**WHAT TO WORK ON:** Since the records include pictures, leave those out while you reproduce exactly and only the lines from the one containing "A vineyard with" through the one containing "The Worst Bear", inclusive.
---------- MATERIAL PROVIDED
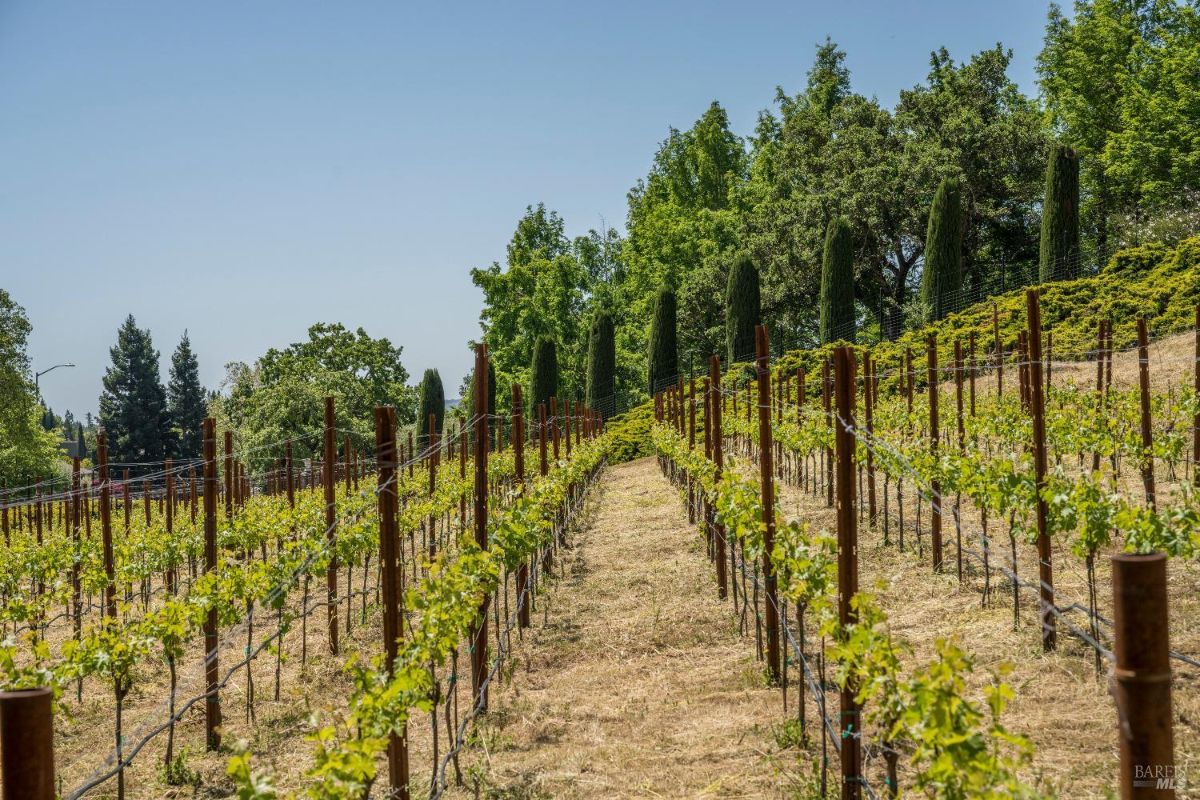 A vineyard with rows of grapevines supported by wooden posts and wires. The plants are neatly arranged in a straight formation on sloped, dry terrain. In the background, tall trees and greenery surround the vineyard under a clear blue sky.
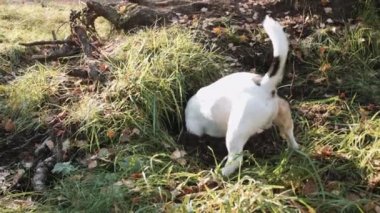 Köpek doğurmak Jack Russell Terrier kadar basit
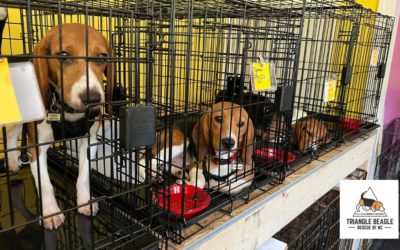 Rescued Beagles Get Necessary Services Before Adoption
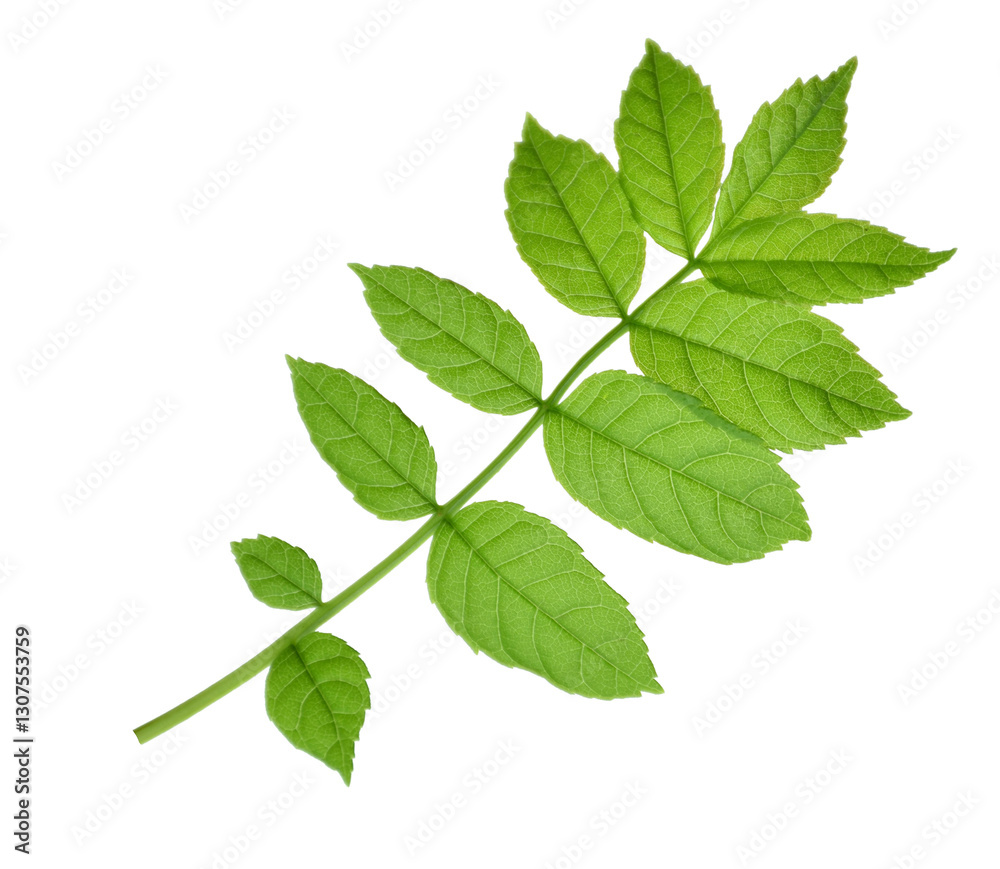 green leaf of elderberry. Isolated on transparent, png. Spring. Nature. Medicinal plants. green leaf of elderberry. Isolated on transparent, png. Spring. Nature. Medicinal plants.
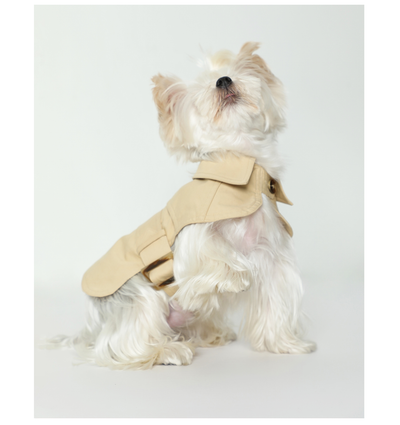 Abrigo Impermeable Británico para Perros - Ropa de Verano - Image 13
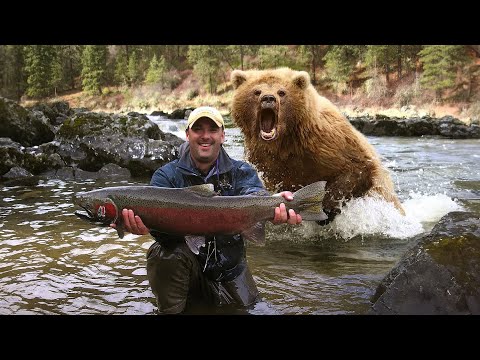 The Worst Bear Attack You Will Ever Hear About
--------------------
---------- MATERIAL PROVIDED
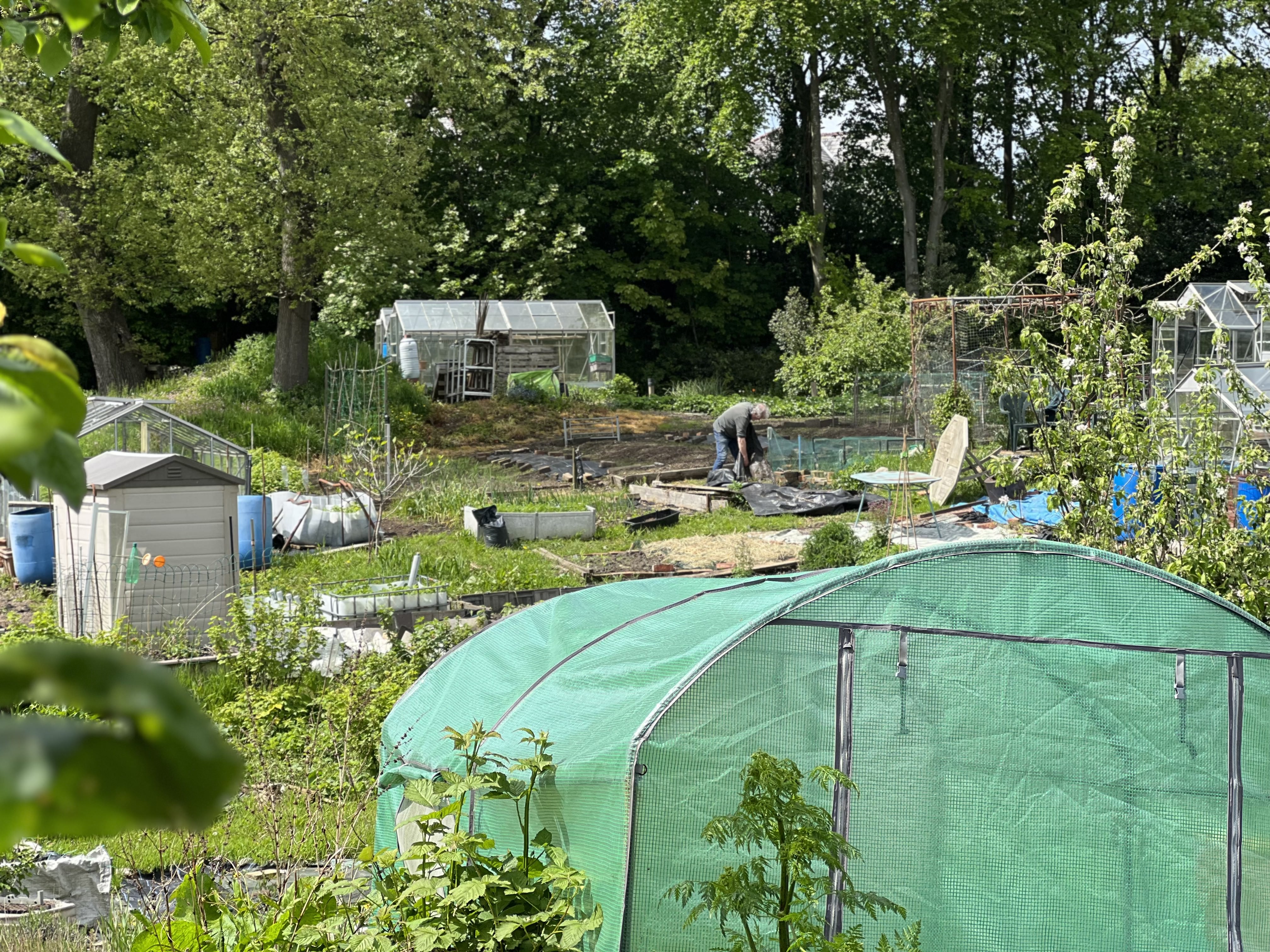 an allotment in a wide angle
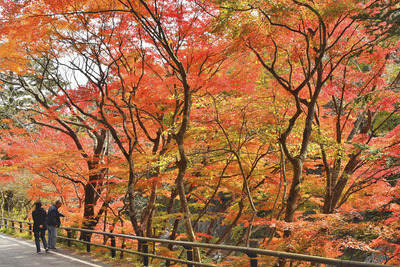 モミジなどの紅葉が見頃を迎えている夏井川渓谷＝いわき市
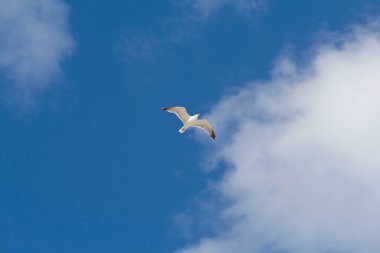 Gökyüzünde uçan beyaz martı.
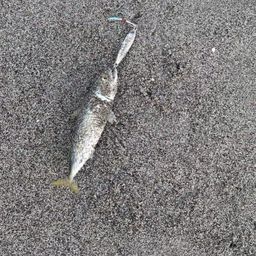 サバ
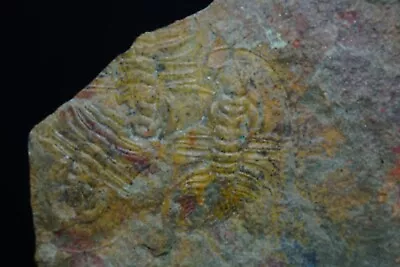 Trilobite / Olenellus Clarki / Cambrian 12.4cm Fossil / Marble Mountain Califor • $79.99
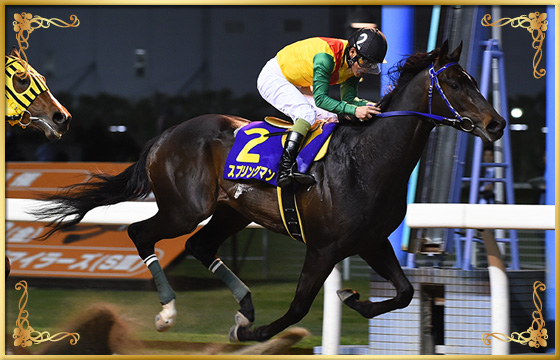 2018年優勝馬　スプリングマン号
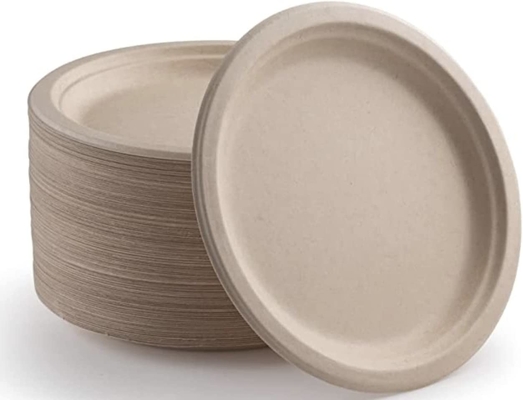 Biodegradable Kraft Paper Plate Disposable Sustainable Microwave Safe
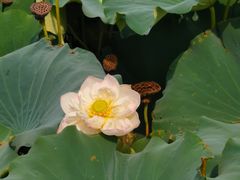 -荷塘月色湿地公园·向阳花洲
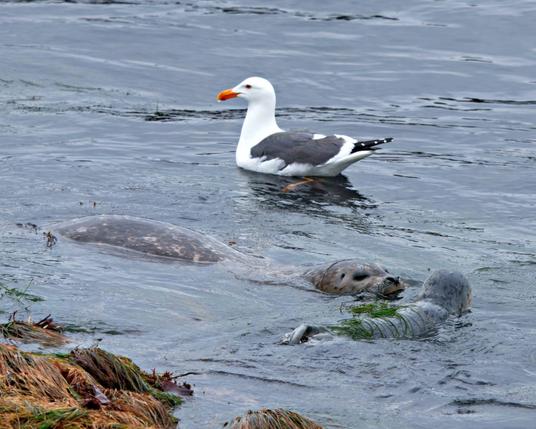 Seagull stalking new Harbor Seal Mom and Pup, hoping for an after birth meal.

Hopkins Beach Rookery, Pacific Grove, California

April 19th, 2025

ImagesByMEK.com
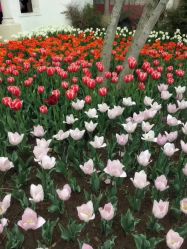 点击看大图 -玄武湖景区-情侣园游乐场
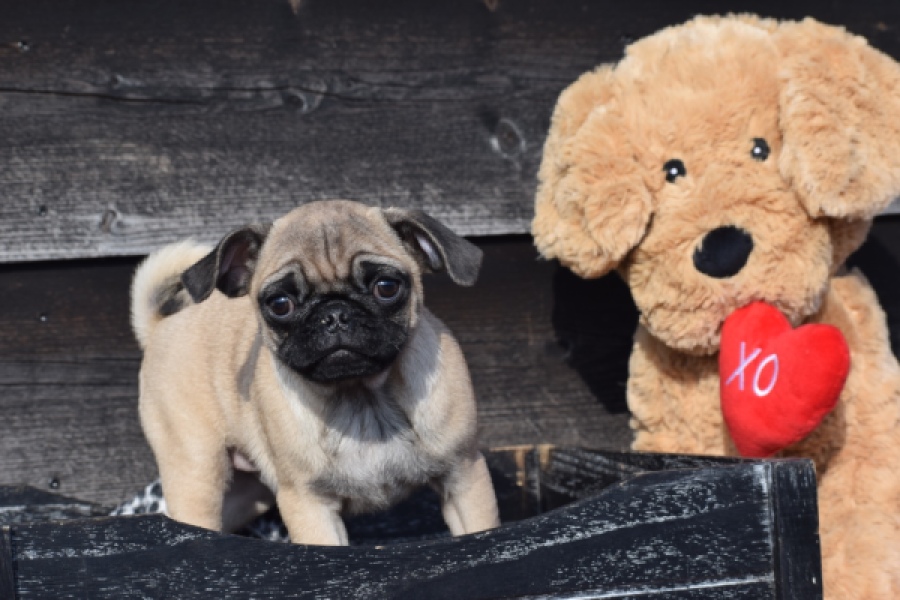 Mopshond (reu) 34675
--------------------
---------- MATERIAL PROVIDED
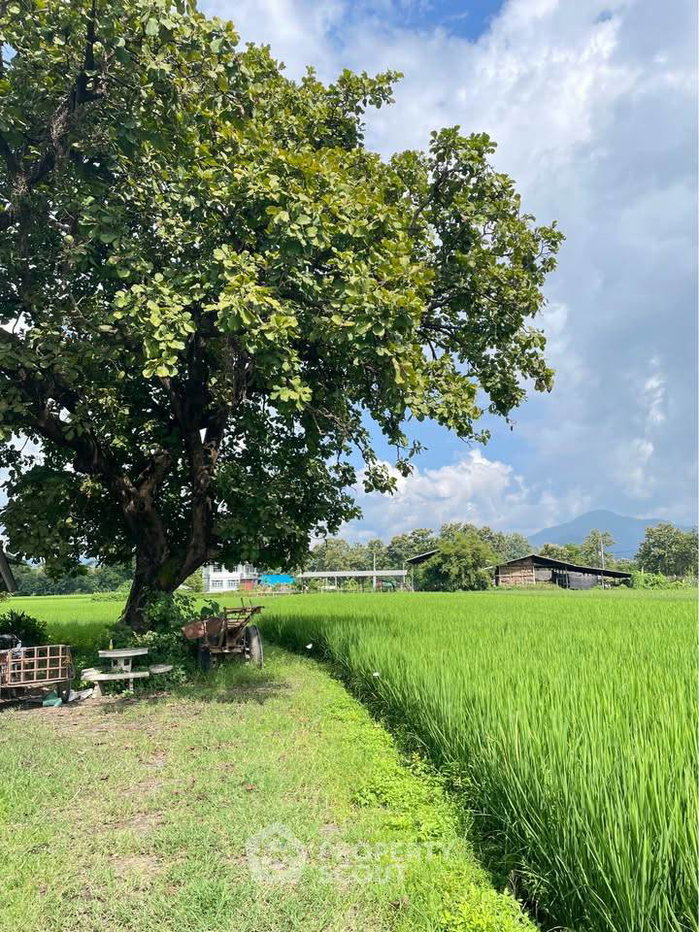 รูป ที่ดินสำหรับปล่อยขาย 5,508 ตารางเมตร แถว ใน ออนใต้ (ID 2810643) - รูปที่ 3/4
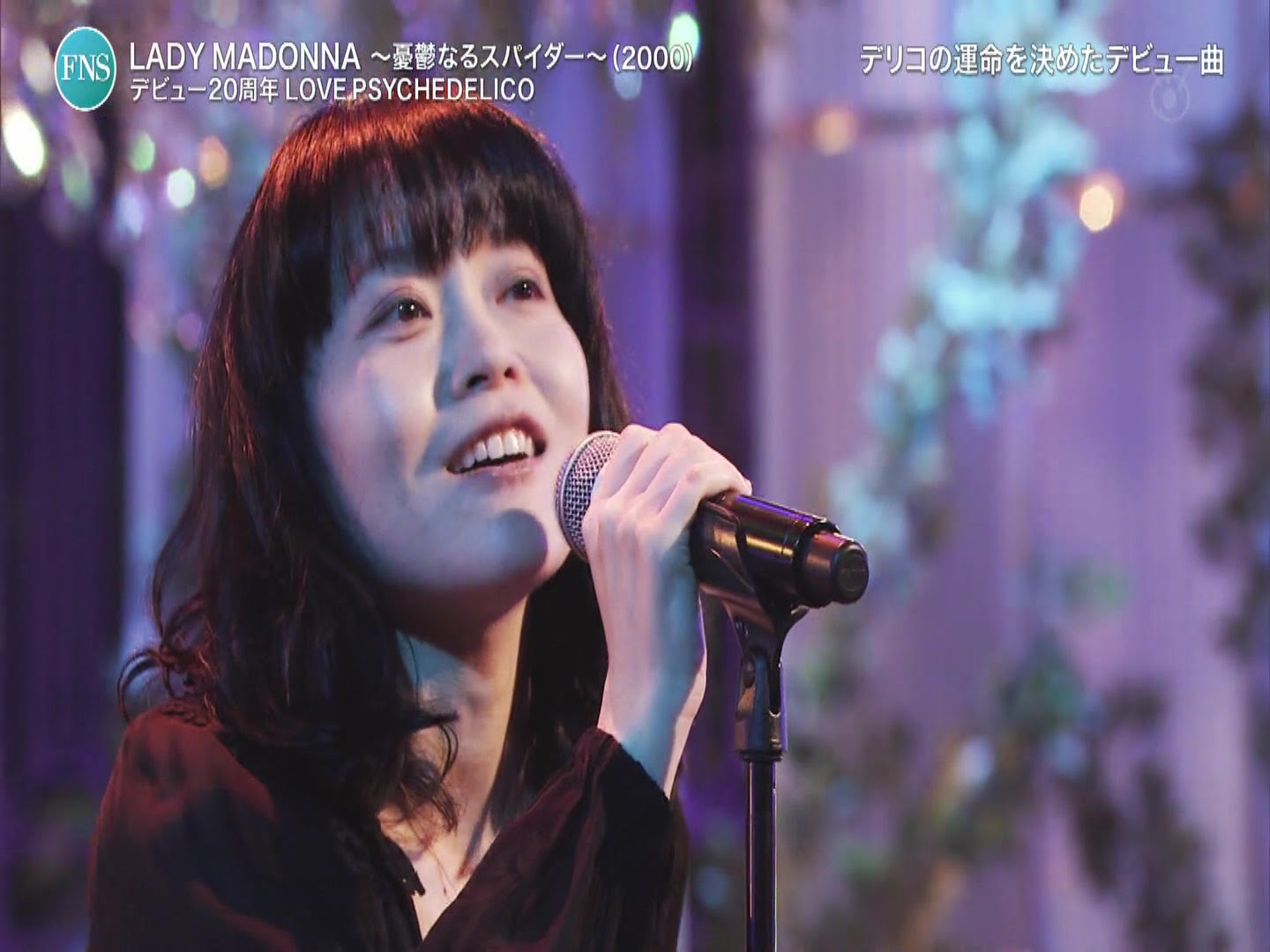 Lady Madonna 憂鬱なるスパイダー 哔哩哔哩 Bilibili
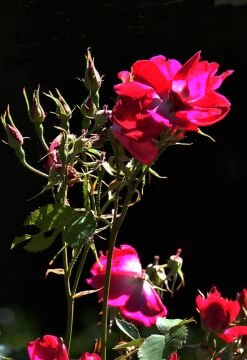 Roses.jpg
--------------------
**ANSWER FOR THE TASK:**
 A vineyard with rows of grapevines supported by wooden posts and wires. The plants are neatly arranged in a straight formation on sloped, dry terrain. In the background, tall trees and greenery surround the vineyard under a clear blue sky.
 Köpek doğurmak Jack Russell Terrier kadar basit
 Rescued Beagles Get Necessary Services Before Adoption
 green leaf of elderberry. Isolated on transparent, png. Spring. Nature. Medicinal plants. green leaf of elderberry. Isolated on transparent, png. Spring. Nature. Medicinal plants.
 Abrigo Impermeable Británico para Perros - Ropa de Verano - Image 13
 The Worst Bear Attack You Will Ever Hear About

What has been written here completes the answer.